Copy out each line containing "Leather" from the entries below.

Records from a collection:
►

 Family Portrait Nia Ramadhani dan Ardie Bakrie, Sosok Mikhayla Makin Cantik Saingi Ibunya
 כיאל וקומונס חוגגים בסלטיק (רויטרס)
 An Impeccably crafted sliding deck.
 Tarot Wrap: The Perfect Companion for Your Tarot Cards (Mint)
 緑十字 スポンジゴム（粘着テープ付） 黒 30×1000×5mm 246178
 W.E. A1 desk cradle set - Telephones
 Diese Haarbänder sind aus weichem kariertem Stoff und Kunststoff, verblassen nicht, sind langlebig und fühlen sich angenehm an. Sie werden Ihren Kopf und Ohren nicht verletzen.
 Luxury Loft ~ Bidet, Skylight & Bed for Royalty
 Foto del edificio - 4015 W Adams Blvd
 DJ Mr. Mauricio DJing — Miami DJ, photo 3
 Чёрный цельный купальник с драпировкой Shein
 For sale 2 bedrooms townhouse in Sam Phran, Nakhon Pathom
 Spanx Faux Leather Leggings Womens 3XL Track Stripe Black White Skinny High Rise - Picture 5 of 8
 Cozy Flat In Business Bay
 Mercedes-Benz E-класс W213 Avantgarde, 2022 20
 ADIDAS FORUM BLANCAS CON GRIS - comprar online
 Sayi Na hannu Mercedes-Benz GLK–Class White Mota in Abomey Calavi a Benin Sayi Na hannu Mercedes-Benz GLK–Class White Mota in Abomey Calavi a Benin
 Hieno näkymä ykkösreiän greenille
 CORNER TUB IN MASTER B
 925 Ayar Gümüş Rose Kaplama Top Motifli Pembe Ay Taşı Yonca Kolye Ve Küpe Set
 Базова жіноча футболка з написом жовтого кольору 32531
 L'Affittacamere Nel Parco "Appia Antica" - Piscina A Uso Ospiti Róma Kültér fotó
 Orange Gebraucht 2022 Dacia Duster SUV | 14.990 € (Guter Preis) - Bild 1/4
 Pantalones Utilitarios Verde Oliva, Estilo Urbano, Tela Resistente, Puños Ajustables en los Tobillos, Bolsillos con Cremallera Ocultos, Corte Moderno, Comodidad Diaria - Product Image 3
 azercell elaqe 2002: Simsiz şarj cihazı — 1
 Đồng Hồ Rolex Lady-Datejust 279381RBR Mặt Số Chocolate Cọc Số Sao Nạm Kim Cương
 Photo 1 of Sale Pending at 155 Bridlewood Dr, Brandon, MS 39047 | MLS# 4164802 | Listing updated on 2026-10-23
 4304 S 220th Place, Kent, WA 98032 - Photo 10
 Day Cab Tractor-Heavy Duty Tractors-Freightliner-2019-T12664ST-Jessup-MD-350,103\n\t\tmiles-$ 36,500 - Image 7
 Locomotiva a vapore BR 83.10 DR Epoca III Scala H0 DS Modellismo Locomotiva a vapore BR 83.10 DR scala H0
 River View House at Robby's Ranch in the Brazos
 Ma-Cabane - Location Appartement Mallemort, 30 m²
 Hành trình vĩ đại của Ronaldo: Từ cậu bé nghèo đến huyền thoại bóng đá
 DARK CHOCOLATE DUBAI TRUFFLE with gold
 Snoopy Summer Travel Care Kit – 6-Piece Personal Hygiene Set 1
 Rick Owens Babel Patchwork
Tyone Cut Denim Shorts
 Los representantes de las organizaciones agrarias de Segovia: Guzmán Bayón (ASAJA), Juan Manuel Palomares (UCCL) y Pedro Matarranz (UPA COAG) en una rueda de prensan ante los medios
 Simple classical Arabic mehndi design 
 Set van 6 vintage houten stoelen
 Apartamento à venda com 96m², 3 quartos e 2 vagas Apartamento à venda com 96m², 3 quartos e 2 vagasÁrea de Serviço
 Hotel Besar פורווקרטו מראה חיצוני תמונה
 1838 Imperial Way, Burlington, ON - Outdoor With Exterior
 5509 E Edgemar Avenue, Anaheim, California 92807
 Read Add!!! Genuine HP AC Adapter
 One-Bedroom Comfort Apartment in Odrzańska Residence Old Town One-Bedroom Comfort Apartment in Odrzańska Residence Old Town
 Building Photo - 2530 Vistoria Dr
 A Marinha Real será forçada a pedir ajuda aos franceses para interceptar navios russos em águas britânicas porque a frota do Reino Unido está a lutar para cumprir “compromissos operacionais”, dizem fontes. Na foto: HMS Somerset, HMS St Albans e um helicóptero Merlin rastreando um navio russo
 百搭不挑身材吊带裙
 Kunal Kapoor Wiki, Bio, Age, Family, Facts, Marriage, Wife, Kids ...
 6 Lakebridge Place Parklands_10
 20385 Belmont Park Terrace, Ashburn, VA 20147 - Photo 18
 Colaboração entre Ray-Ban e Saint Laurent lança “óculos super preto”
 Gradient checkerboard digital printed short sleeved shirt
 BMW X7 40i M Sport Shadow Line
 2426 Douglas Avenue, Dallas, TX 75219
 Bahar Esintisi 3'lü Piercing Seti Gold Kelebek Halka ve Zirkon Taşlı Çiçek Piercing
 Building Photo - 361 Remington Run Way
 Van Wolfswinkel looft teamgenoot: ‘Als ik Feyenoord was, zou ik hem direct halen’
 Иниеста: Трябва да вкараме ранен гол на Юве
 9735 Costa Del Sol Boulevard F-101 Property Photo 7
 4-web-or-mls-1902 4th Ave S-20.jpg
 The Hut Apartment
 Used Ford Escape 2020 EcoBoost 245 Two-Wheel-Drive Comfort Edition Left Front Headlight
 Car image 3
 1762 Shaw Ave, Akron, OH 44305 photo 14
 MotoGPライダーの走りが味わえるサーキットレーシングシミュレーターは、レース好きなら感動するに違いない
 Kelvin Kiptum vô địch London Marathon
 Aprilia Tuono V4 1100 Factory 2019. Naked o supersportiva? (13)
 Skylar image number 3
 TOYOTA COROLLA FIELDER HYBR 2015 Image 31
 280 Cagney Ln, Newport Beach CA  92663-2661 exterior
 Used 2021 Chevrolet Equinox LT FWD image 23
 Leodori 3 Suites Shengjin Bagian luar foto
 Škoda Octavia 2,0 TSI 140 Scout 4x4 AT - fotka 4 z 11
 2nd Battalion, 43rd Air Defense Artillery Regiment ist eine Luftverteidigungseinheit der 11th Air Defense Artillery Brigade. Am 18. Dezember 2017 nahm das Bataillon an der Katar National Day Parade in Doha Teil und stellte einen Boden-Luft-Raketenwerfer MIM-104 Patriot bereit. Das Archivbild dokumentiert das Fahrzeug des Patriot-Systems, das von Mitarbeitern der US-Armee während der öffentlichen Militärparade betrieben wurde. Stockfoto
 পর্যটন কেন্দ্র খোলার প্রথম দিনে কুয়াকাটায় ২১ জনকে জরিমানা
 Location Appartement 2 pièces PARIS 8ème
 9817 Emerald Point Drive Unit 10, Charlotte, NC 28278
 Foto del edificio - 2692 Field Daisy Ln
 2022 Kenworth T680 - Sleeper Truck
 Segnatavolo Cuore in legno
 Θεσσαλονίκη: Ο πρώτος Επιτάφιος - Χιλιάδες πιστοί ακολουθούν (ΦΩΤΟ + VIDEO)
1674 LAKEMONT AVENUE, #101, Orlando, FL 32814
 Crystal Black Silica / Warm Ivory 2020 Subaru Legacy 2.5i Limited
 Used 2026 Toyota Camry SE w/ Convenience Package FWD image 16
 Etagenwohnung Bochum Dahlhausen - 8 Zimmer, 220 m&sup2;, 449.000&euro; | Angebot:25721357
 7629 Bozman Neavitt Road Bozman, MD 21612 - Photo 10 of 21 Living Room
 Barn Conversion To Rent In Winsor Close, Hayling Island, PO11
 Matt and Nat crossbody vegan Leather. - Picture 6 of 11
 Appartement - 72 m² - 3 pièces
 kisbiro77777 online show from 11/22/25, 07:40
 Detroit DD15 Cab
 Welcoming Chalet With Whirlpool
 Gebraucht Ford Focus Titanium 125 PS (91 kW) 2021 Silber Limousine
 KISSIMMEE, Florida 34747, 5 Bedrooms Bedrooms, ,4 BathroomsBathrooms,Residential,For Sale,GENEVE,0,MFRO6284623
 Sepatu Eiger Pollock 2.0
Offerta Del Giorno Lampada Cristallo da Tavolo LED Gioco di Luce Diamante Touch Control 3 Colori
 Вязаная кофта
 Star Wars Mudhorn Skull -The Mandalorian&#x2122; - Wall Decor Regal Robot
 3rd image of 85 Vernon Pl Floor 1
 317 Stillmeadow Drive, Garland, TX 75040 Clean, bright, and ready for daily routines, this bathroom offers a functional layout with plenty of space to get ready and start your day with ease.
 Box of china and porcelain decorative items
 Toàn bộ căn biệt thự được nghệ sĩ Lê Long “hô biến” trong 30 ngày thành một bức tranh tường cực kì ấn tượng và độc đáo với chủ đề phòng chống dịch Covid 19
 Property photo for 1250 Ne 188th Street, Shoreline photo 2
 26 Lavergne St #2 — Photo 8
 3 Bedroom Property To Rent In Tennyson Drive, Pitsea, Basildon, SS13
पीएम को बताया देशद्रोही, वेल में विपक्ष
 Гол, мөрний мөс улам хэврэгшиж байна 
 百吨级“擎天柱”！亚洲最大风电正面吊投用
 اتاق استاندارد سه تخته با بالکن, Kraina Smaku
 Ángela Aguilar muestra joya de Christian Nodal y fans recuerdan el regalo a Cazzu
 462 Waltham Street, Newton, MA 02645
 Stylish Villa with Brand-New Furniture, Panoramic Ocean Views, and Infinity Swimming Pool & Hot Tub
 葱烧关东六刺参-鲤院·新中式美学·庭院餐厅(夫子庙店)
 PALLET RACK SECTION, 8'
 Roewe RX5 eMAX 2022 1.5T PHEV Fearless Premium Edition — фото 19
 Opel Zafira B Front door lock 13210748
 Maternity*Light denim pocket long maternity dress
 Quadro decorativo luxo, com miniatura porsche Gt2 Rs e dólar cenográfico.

◄

Expected output –
 Spanx Faux Leather Leggings Womens 3XL Track Stripe Black White Skinny High Rise - Picture 5 of 8
 Matt and Nat crossbody vegan Leather. - Picture 6 of 11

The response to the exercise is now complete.